DESCRIPTION OF THE TASK | Word for word, quote the lines from the one containing "Volan piele original" to the end of the entries below, including both. Leave pictures out.

[Captioned web images]
%%
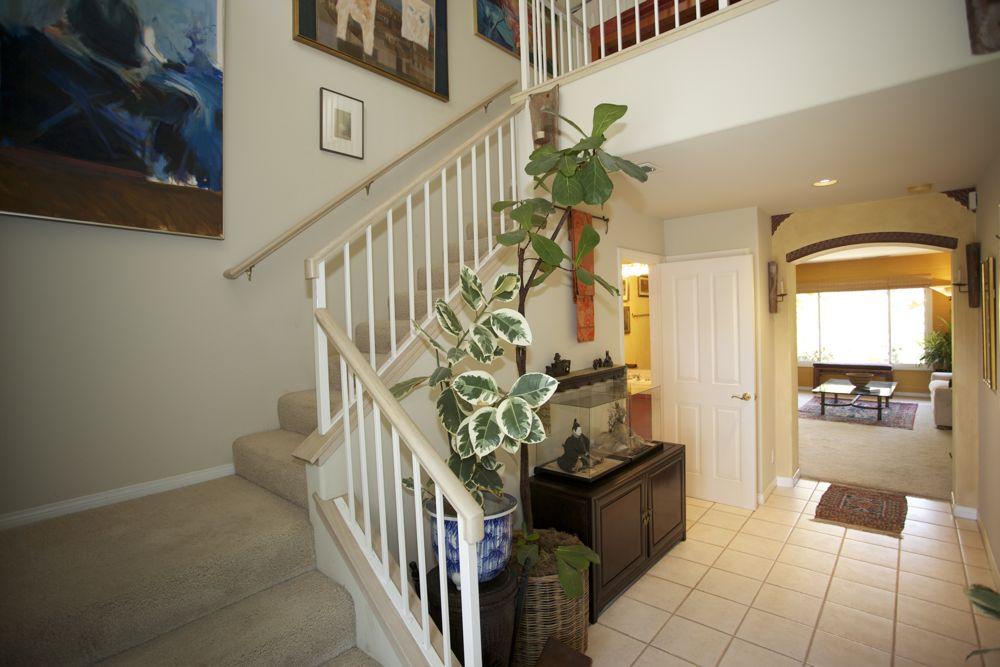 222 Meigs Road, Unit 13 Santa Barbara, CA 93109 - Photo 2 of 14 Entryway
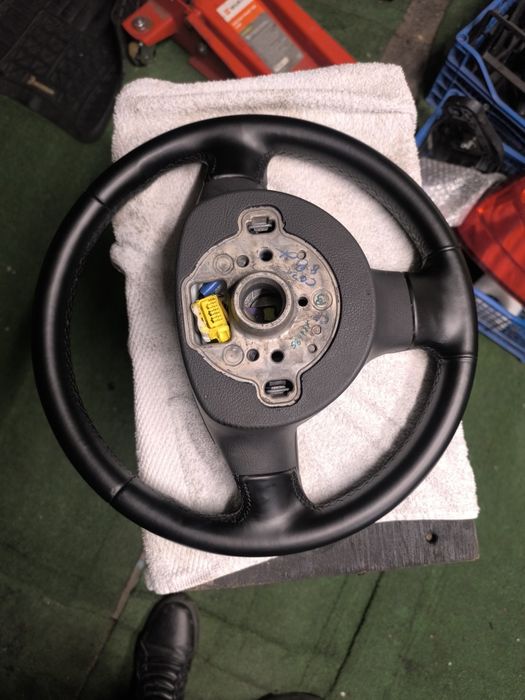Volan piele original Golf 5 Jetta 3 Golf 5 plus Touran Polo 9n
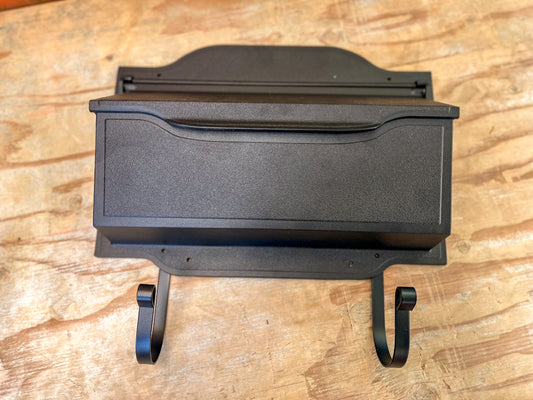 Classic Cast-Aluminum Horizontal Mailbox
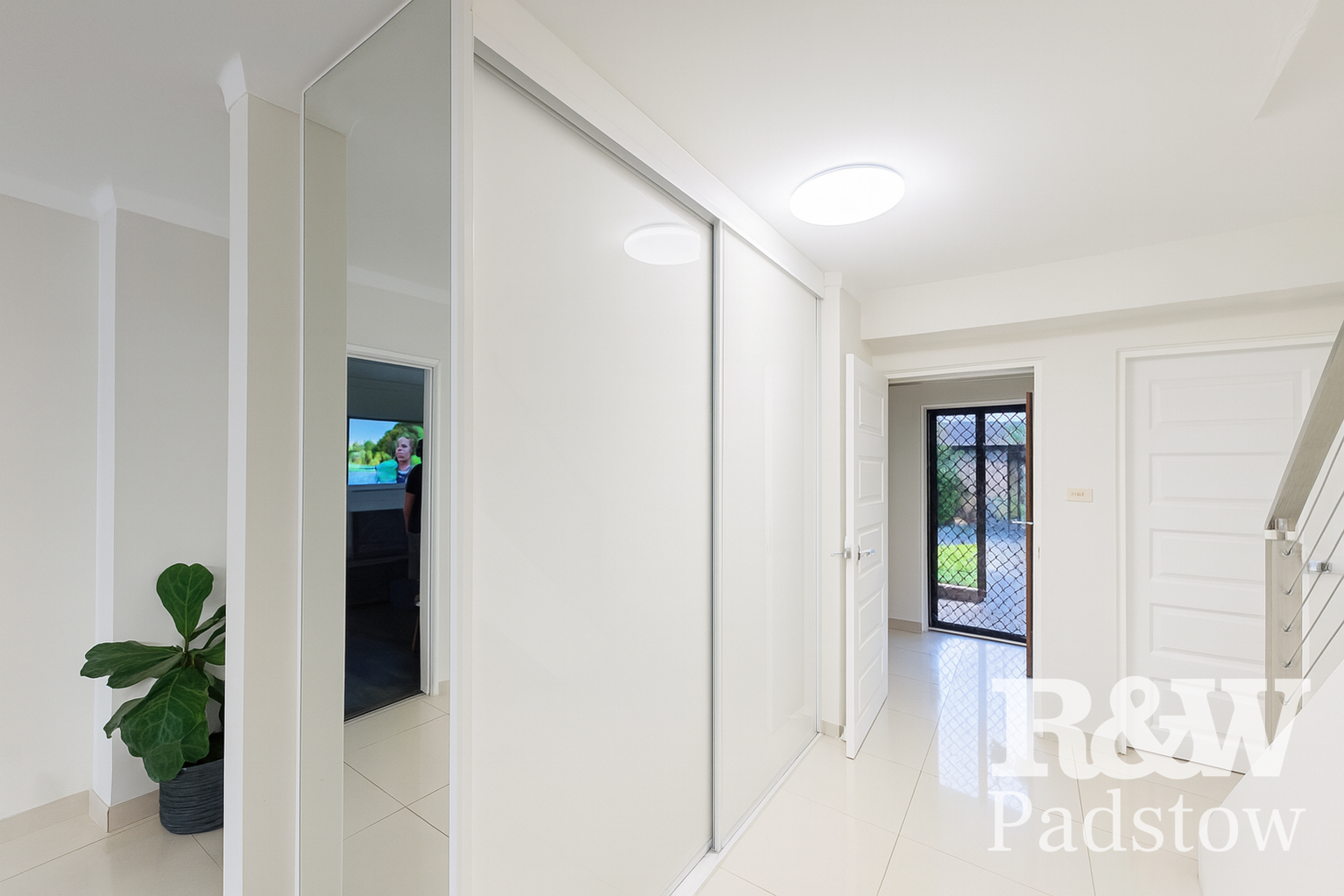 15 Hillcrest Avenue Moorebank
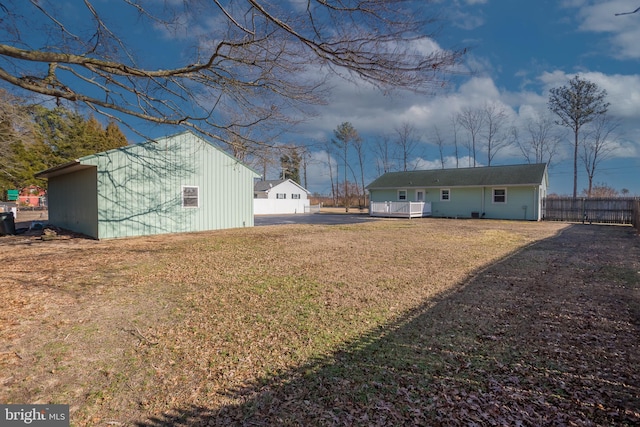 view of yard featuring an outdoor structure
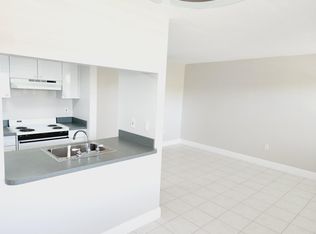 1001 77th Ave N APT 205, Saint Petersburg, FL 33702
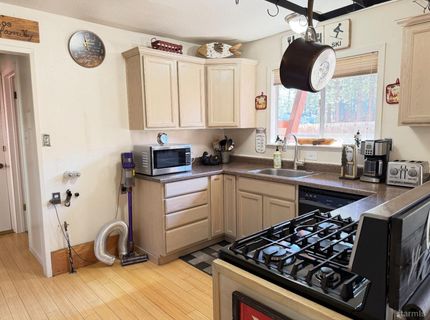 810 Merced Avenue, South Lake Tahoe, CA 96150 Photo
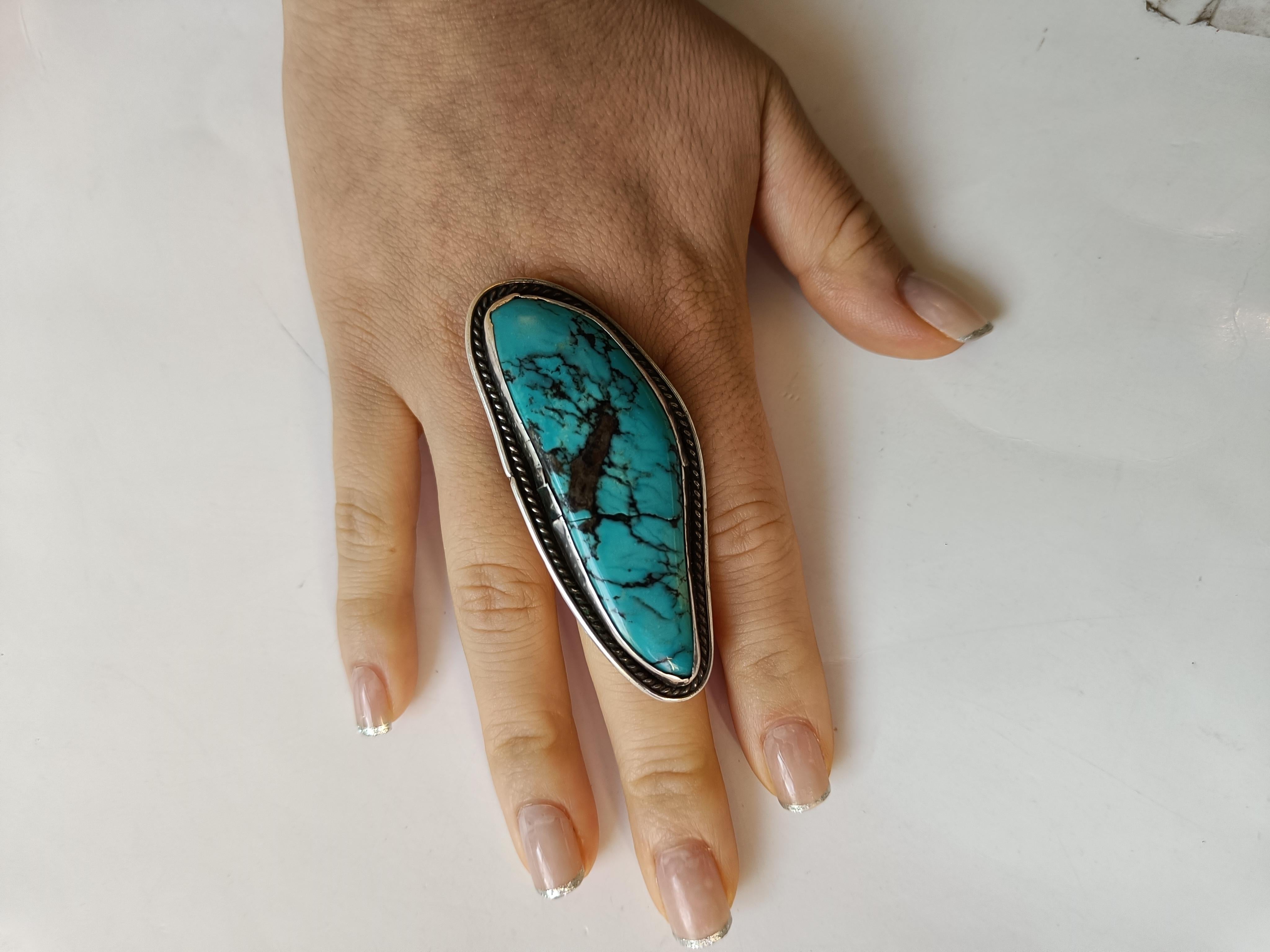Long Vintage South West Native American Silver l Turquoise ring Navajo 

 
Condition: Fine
%%
EXERCISE SOLUTION |
Volan piele original Golf 5 Jetta 3 Golf 5 plus Touran Polo 9n
 Classic Cast-Aluminum Horizontal Mailbox
 15 Hillcrest Avenue Moorebank
 view of yard featuring an outdoor structure
 1001 77th Ave N APT 205, Saint Petersburg, FL 33702
 810 Merced Avenue, South Lake Tahoe, CA 96150 Photo
Long Vintage South West Native American Silver l Turquoise ring Navajo 

 
Condition: Fine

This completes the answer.